*Your assignment*
After finding the line with "海贼王的小孩子角色介绍,海贼王里的小孩子" in the entries below, copy that line and each one after it exactly, through the last line, and omit pictures.

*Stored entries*
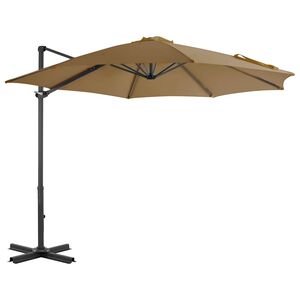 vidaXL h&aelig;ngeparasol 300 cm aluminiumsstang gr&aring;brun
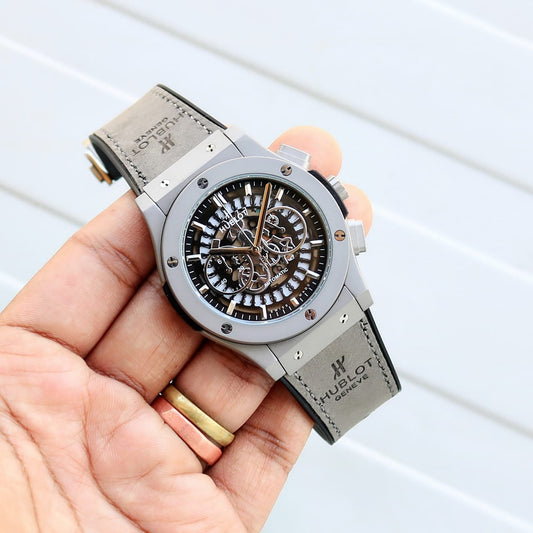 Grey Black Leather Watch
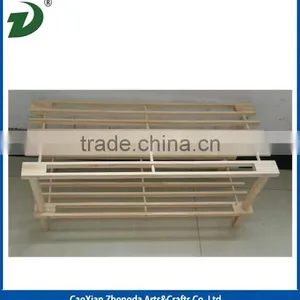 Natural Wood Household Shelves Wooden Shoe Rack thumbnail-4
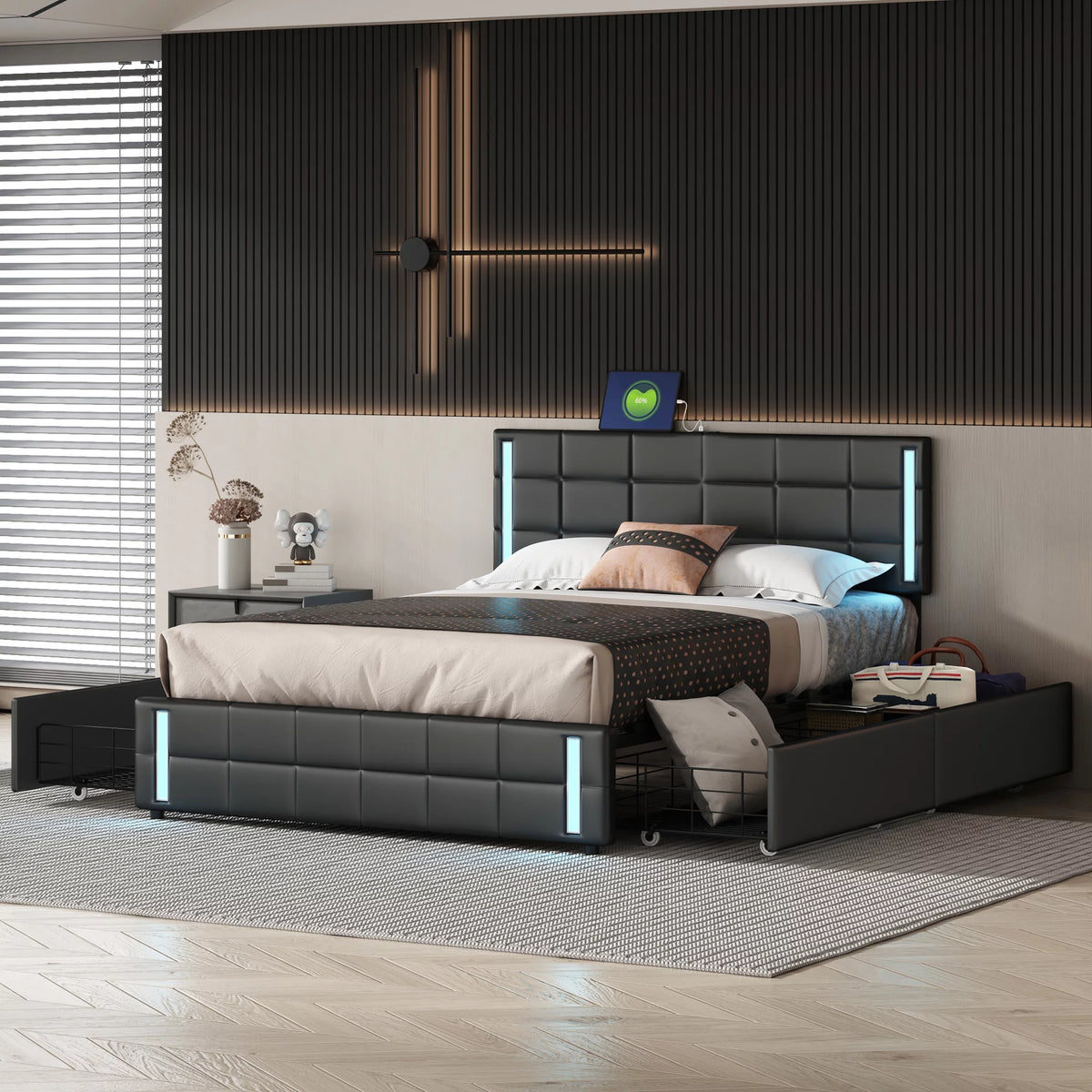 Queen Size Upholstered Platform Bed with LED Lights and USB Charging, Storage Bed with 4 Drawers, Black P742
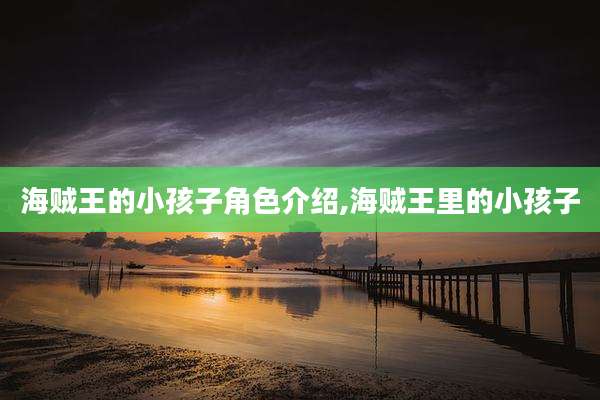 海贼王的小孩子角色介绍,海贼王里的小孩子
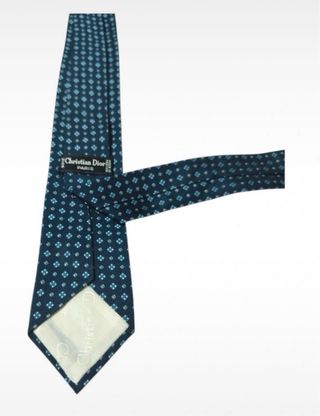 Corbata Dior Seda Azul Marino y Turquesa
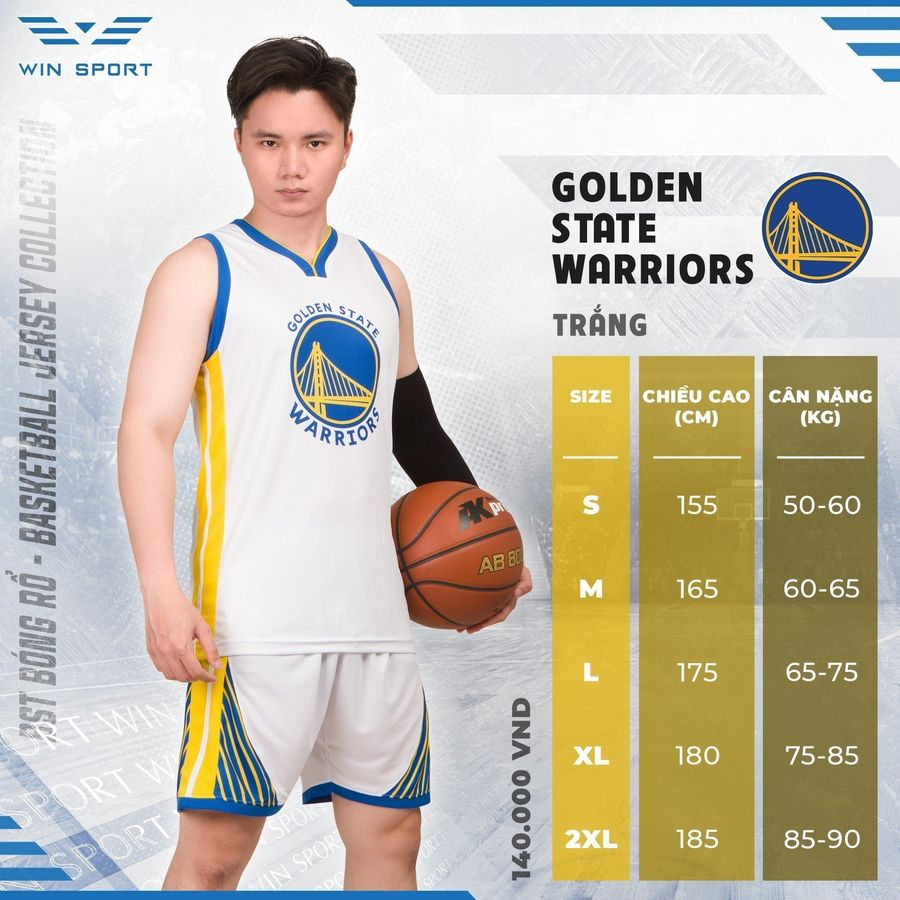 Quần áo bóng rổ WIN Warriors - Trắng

*Exercise result*
 海贼王的小孩子角色介绍,海贼王里的小孩子
 Corbata Dior Seda Azul Marino y Turquesa
 Quần áo bóng rổ WIN Warriors - Trắng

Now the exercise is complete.